敵地である上、深夜であったために道がわからなくなっていた武田軍将兵は、奇襲がある方向の反対方向に逃げようとしたところで徳川軍が橋に見立てて張っていた布を目撃します。

武田軍の将兵は、真っ暗な夜間に崖上に張られた物体(布)を目撃してこれを橋と勘違いし、次々と張られた布の上に乗ろうとしては崖下へ転落していきます。

武田軍がなんとか冷静を取り戻して朝を迎えた頃には、崖下には武田兵の死体でいっぱいとなっていたそうです(なお、余談ですが、この犀ヶ崖の戦いは、同時代の史料には記録がなく後世に江戸幕府によって編纂された史料が初出であるため、その発生の有無・内容については疑問もあります。

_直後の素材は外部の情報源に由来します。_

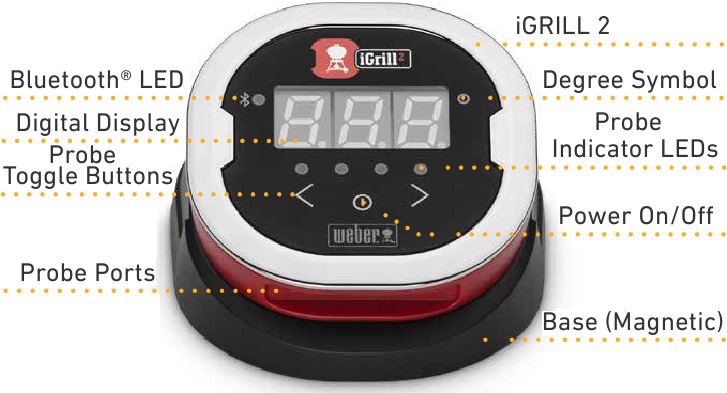 Weber - iGrill 2 - Contenido de la caja Paso 1 Contenido de la caja Paso 1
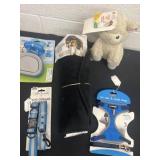 Group of new dog items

)。

掛川城からの援軍到着

そうこうしている間に、徳川家康大敗の報を聞いた掛川城主・石川家成が2000人の兵を率いてきて西島に布陣した榊原康政隊に合流します。

こうなると、武田軍が浜松城を攻めるためには、守りを固めた浜松城とは別に背後を突いてくるであろう2500人もの大部隊の遊軍を相手にしなければならないこととなりますが、先に西島を攻めるとするとそれはそれで浜松城から打って出てくる城兵とで挟撃される危険もでできます。

そのため、挟撃を恐れた武田軍は安易に浜松城や西島を攻撃出来なくなり、ここで戦線が膠着します。

野田城の戦い

武田軍が浜松城攻略を断念

三方ヶ原の戦い勝利の勢いのまま浜松城を攻略してしまおうと考えていた武田信玄でしたが、戦線膠着により浜松城の短期攻略が困難であると判断し、兵站と兵の疲労回復目的で一旦浜松城の包囲を解いて浜名湖北岸にある刑部城に入ることとします。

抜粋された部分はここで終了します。